REPUBLIC OF KENYA
IN THE HIGH COURT OF KENYA
AT NAKURU
CIVIL SUIT NO.755 OF 1993
KIHOTO FARMERS COMPANY LTD. …….… PLAINTIFF
VERSUS
DANIEL GITONGA CHEGE ………….…. 1ST DEFENDANT
REUBEN GITONGA CHEGE …………... 2ND DEFENDANT
PATRICK WAIRAGU GITHAKWA ……. 3RD DEFENDANT
JACINTA WAIRIMU KIRUGI ………….. 4TH DEFENDANT
RAPHAEL RUTHITU MAINA ………. 5TH DEFENDANT
BARASA (D.O. BAHATI) ……………….. 6TH DEFENDANT
COMMISSIONER OF LANDS ……….... 7TH DEFENDANT
RULING
The application dated 11/11/2011 made pursuant to Order 17 Rule 1 and 3, Order 51 Rule 1 Civil Procedure Act and Section 3A of the Civil Procedure Act seeks that the suit be dismissed for want of prosecution.
It is premised on grounds that a period of over six months has lapsed since the matter was last in court, and the plaintiff has no conceivable interest on the matter. Further, the continued pendency of this suit is prejudicial and vexatious to the 3rd defendant/applicant.
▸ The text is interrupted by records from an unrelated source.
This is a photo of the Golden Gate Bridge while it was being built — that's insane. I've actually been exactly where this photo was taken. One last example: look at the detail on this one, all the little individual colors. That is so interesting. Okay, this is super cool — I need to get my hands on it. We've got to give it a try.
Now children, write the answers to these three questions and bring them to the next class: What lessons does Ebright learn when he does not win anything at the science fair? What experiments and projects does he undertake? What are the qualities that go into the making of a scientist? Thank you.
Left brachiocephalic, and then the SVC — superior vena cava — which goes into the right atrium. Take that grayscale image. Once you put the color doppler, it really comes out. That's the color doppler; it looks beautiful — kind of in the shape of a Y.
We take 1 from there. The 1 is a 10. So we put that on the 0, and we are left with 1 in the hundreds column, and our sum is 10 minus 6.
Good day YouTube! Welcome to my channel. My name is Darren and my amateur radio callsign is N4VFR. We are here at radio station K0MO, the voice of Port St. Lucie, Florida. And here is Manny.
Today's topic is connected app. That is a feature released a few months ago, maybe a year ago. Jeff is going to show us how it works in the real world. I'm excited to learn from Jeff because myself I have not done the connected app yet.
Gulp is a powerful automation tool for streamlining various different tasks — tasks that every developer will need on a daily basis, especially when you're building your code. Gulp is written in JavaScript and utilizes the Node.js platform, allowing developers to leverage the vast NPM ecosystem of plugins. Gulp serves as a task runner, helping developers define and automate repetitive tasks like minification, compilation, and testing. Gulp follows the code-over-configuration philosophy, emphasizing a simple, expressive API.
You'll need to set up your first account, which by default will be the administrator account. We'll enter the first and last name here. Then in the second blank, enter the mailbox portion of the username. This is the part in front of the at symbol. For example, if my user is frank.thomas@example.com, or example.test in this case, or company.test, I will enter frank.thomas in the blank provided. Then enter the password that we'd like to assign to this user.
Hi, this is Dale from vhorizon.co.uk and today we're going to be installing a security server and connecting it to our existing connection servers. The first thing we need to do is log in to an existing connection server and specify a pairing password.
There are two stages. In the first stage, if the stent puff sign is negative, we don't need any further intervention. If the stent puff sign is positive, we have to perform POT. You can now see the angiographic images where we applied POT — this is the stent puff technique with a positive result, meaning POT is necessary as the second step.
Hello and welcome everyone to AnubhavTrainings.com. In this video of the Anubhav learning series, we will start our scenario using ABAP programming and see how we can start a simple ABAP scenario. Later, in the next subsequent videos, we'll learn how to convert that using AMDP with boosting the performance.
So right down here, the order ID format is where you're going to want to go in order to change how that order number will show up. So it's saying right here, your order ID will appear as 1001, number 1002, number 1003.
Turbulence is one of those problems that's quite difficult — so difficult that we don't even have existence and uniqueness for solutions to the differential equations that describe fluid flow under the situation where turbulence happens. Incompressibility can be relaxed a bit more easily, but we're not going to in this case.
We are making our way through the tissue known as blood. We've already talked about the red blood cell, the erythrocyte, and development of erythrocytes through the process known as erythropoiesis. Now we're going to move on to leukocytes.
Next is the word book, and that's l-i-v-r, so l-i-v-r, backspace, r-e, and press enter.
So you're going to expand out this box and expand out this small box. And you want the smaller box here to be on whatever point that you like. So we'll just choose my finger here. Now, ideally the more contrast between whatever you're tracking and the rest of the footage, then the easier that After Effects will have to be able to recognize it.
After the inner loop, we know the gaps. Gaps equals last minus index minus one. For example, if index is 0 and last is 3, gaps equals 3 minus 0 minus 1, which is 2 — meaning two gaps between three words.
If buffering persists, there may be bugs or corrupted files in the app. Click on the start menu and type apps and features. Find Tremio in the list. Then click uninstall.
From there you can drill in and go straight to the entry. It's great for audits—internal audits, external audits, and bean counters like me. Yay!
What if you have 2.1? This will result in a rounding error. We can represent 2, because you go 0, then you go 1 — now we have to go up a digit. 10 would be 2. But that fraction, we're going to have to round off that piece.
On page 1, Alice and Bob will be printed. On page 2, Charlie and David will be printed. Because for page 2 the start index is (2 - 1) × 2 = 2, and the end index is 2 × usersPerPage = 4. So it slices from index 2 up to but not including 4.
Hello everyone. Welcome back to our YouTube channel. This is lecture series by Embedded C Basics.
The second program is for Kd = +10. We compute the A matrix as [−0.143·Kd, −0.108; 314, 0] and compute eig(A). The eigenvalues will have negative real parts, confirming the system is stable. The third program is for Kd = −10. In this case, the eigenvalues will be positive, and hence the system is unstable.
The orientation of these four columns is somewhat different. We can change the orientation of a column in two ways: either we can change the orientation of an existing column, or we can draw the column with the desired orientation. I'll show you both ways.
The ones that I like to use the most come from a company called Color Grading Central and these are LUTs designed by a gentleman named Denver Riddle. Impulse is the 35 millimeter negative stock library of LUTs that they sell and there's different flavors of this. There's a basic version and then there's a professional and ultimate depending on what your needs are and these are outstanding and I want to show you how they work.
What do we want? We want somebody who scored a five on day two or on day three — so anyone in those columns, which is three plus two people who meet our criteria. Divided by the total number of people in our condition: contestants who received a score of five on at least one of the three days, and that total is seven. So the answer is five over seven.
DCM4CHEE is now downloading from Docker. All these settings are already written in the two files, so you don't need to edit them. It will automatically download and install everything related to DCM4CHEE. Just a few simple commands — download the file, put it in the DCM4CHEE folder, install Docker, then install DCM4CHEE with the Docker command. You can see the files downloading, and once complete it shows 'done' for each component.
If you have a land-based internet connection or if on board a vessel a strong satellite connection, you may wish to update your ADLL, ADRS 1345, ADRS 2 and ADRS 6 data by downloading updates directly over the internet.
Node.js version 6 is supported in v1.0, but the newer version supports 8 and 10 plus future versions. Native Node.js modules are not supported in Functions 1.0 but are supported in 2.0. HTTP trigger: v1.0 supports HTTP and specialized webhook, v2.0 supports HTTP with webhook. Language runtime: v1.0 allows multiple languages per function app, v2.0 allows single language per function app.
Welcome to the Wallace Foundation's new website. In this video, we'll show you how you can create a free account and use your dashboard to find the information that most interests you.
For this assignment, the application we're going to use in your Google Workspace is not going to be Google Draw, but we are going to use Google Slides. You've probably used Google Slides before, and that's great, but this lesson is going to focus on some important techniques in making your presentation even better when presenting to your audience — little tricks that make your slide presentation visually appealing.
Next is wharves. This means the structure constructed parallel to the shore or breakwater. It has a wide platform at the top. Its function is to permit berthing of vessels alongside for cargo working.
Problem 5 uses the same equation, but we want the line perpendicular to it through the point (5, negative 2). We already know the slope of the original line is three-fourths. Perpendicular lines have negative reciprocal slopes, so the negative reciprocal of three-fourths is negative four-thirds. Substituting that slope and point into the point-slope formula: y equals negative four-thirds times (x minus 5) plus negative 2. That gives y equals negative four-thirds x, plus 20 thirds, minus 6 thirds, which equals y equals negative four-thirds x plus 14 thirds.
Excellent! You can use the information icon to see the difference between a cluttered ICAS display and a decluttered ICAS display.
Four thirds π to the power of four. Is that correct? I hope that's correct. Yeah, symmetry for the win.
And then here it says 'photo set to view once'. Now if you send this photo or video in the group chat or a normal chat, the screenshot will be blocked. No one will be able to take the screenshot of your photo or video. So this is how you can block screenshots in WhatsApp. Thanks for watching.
The application is supported by the affidavit sworn by the applicant’s counsel who deposes, that this suit was instituted in 1993, (which is actually 18 years ago). It has been in court on several occasions, resting with 9th March 2011, when the plaintiff’s advocate sought an adjournment and as usual, it was granted.
On 9th March 2011, the 1st defendant’s counsel went an extra mile by inquiring from the 1st Defendant’s estate but received no response regarding the position of the Succession Cause. The plaintiff’s counsel has not fixed the suit for hearing in the last six months, hence this application.
The application is opposed and in a replying affidavit sworn by the plaintiff’s counsel he deposes that although the suit was filed in 1993, the delay in its determination has not been occasioned by the plaintiff in any way. It is explained that the matter has been in court on several occasions and the adjournments have always been merited.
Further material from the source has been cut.